From the line containing "Ersatzeile monopoly parker" down to the last line of the entries, print each line exactly and leave the pictures out.

DATA FOR PROCESSING Block Start

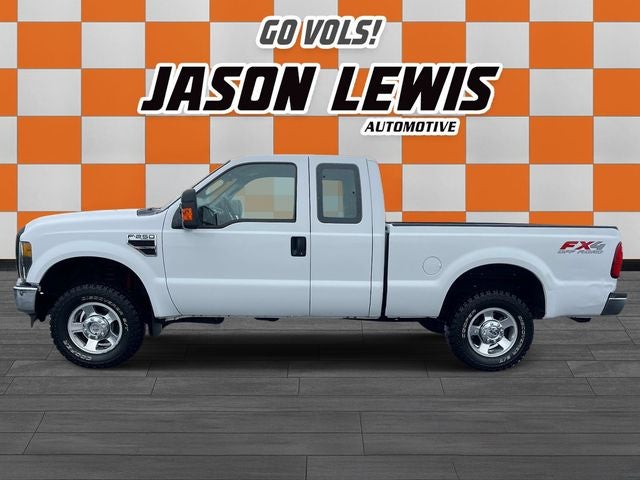 2010 Ford F-250SD XL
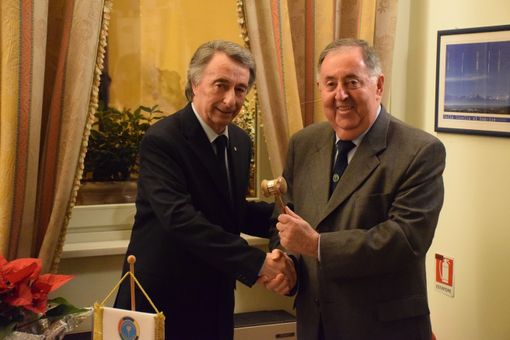 Prima “Conviviale” del Panathlon Cuneo con il neo presidente Mellano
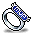 MVP 말풍선 반지(실버)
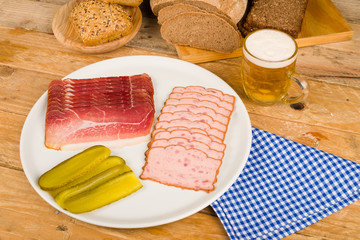 German cold meal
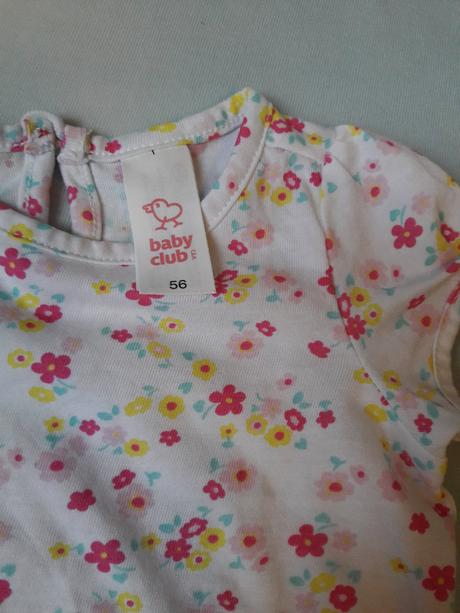 Šaty, baby club,56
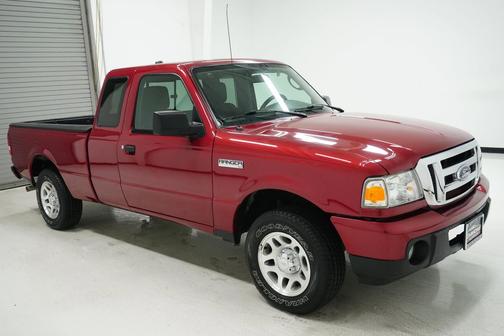 2011 Ford Ranger XLT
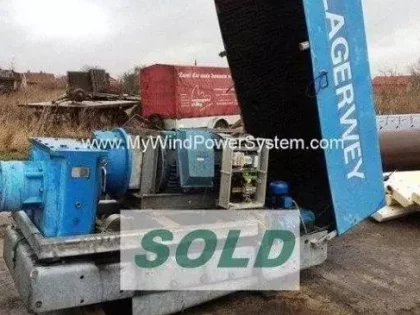 Lagerwey LW18/80 Wind Turbines Product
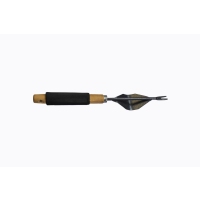 Корнеудалитель садовый с деревянной рукояткой(L-360мм) WMC TOOLS WMC-TG2104020-J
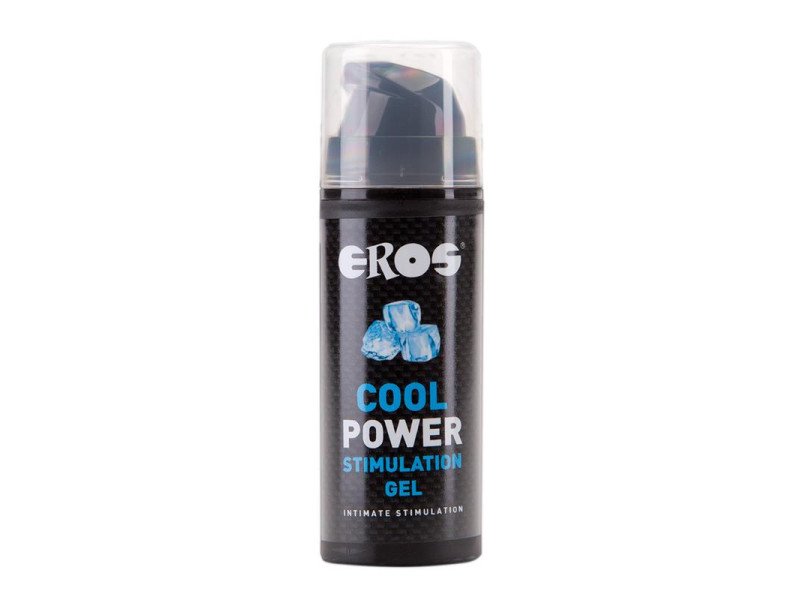 Gel Estimulador Efecto Frio Power 30 ml Gel Estimulador Efecto Frio Power 30 ml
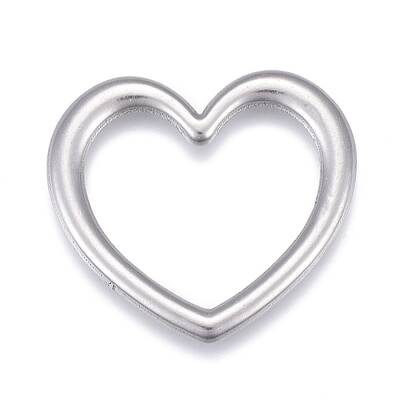 Non-Tarnish 304 Stainless Steel Linking Rings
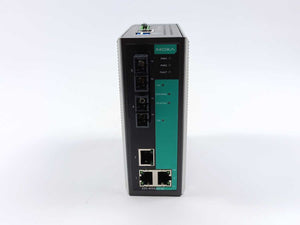 Moxa EDS-405A-SS-SC-T 5-Port Industrial Ethernet Switch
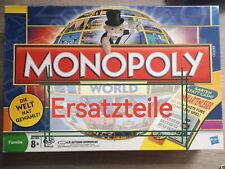 Ersatzeile monopoly parker gebraucht kaufen  Bad Salzuflen-Wüsten,-Retzen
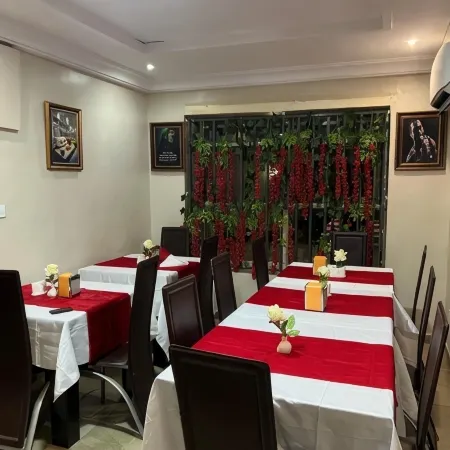 Posh Hotel and Suites Ikeja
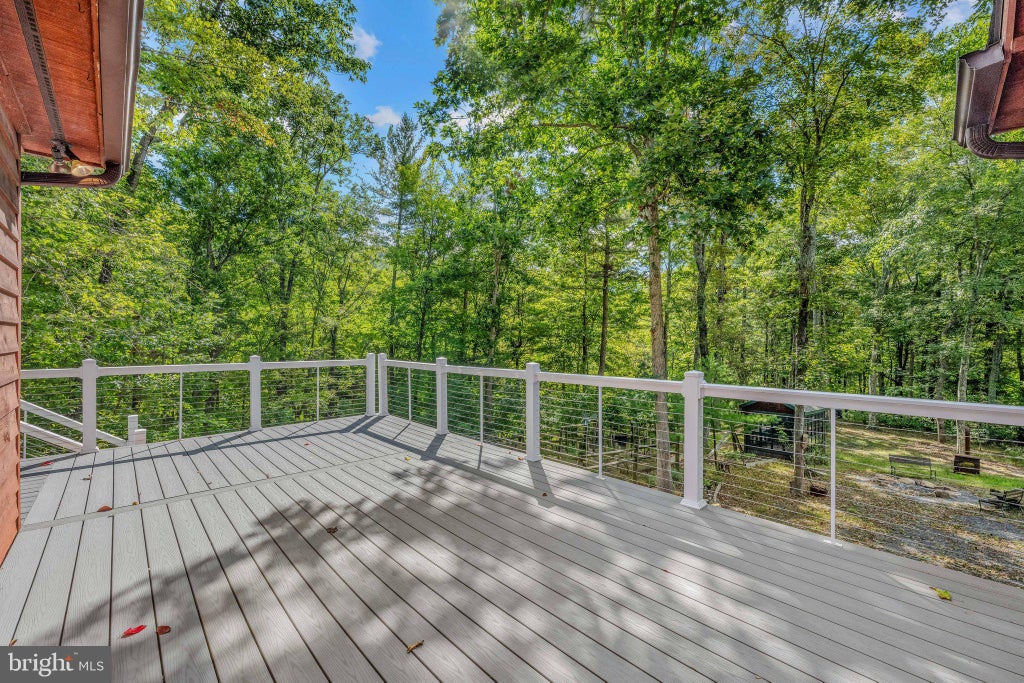Photo of 175 Chase Woods Lane, GREAT CACAPON, WV 25422 (MLS # WVMO2008004)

DATA FOR PROCESSING Block End

__EXPECTED ANSWER__.
 Ersatzeile monopoly parker gebraucht kaufen  Bad Salzuflen-Wüsten,-Retzen
 Posh Hotel and Suites Ikeja
Photo of 175 Chase Woods Lane, GREAT CACAPON, WV 25422 (MLS # WVMO2008004)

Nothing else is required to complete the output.